Игорь Дьяков - Лето бородатых пионеров (сборник)
– …и Атлантида. А вот не читали – недавно в перуанских Андах нашли пять золотых фигур в человеческий рост? В Египте – совершенно нетронутые гробницы? Груды нерасшифрованных текстов хранятся в архивах Азии и Америки! – Розанов вспомнил свои дневные мысли и почти увлекся.
– Мне все это кажется звеньями одной цепи, – продолжал он. – Ее как бы опустили в океанскую глубину, и наша суета и время скрыли ее от нас, словно ракушку и водоросли.
– Кто опустил, когда? – снова легка усмехаясь, спросил Митя.
Леша улыбнулся и развел руками.
– Какой-нибудь гений придет и все объяснит! – сказал Тенгиз.
– А вот мне кажется, что гении боролись только против явных ошибок человечества, – сказал Митя, продолжая обращаться к Розанову. – Гений создает свой собственный мир, это в лучшем случае, – и всех туда приглашает как бы.
Это немного задело Митю.
– А что? – вскинул он глаза на Лешу и напомнил ему Крутова. – Мне вообще кажется, что время всяких гениев, вождей там разных, проходит. Мне кажется, гении – это такой ликбез человечества. Они основные истины проповедуют. А их не так уж много. А теперь мы вроде как всему уже обучены. Время каждому свой экзамен сдавать. А значит, достойный вопрос себе найти, спросит себя и честно на него ответить. И еще оценить свой ответ. Во как! Во сколько в нас честности да ума время требует. А тут – четыре процента да еще непонятно куда идущие. Получается, и учить нас больше некому, а сами мы… Свои же корешки подрубили.

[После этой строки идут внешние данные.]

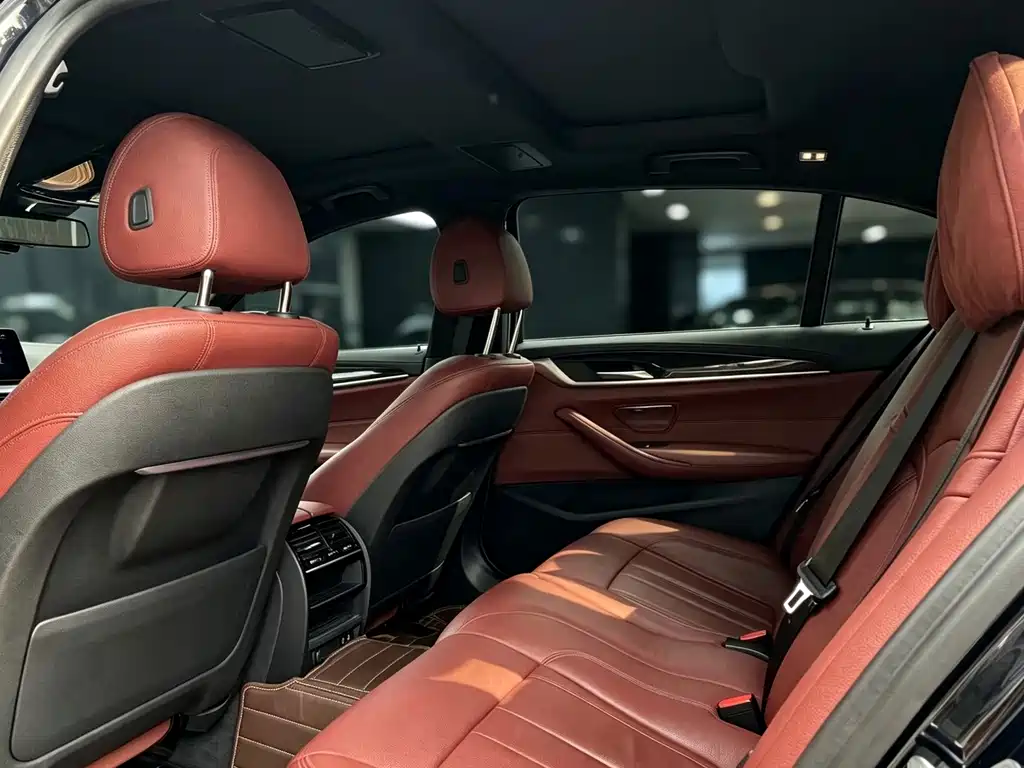 BMW 5 Series — миниатюра 6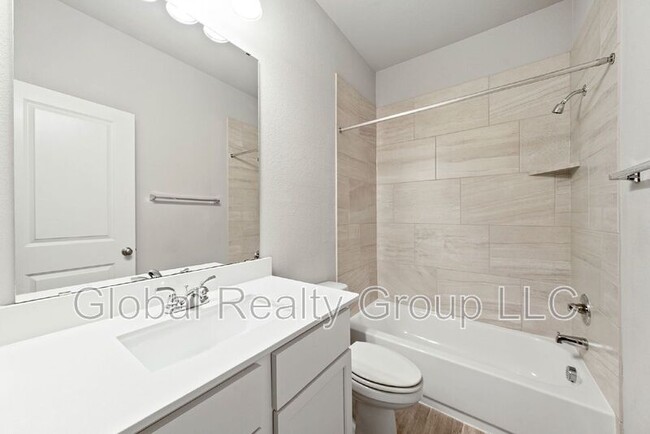 Building Photo - 14306 Hallows Grv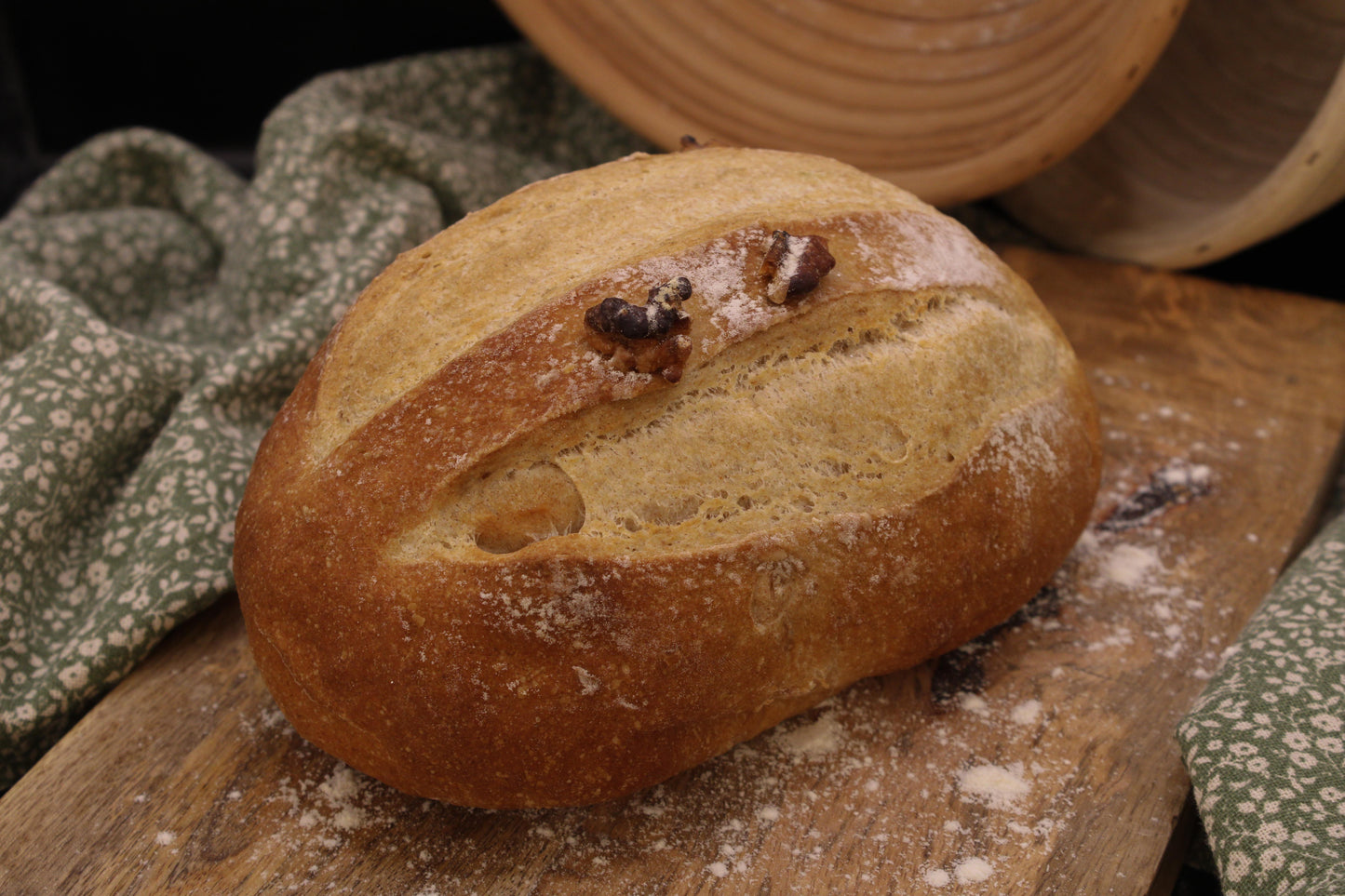 Oberschaner Baumnussbrot Sauerteig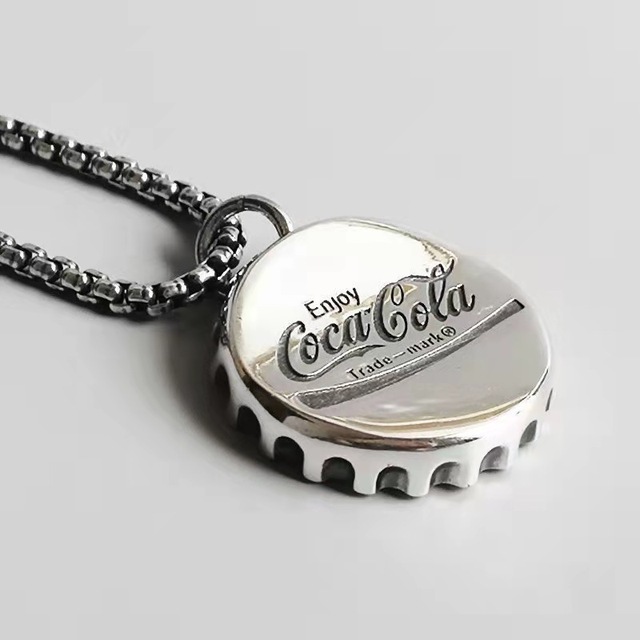 Silver Cola Bottle Cap Necklace Punk Hip Hop Looking For Beer Drink Pendant Men And Women Necklace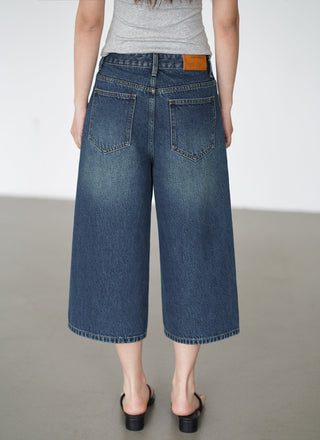 blue cropped pants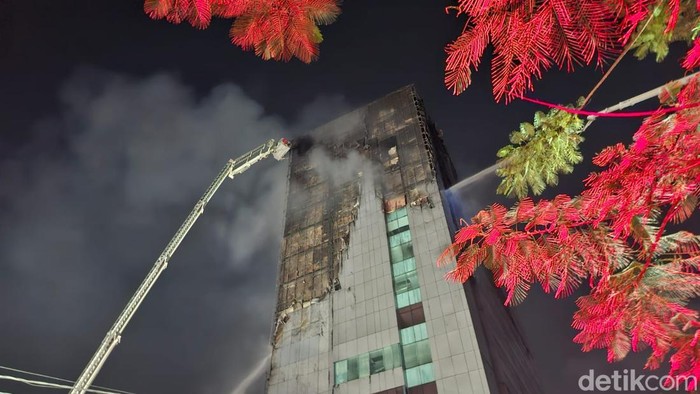 gedung-bapenda-dki-terbakar-rolandodetikcom-1786131098034_169
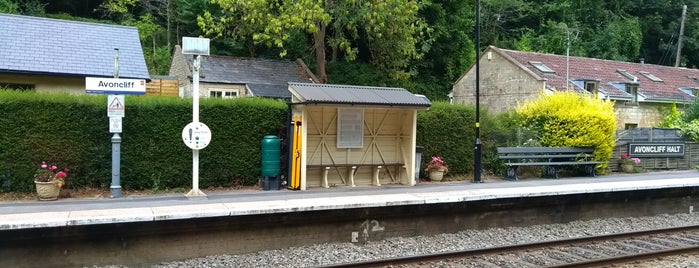 Avoncliff Railway Station (AVF) is one of Dads.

– Не знаю… По-моему, так всегда было, – возразил Пулат.
– Так совесть-то, она ведь копиться должна, шарики-то – не зазря ворочаться, – вращая желваками, сказал внешне спокойный Митя, – а посмотрите вокруг – много ли… Ладно, – прервал он сам себя, – вы извините, я неясно говорю. Образования не хватает.
– Брось ты Мить, – вступил его красношеий товарищ, слегка опьяневший и лучащийся добродушием, – ты все правильно лопочешь. Счас так: пан или пропал. Все это понимают. Потому тебя не всем слушать интересно…
Таким образом беседовали до тех пор, пока Тенгиз не взял гитару. Он помедлил минуту и запел.
Пел он старинную грузинскую песню. Розанов не понимал ее слов, и, что было ему не свойственно, не жалел об этом. Он по-своему переводил песню Тенгиза, из-под пальцев поглядывая на Фатиму.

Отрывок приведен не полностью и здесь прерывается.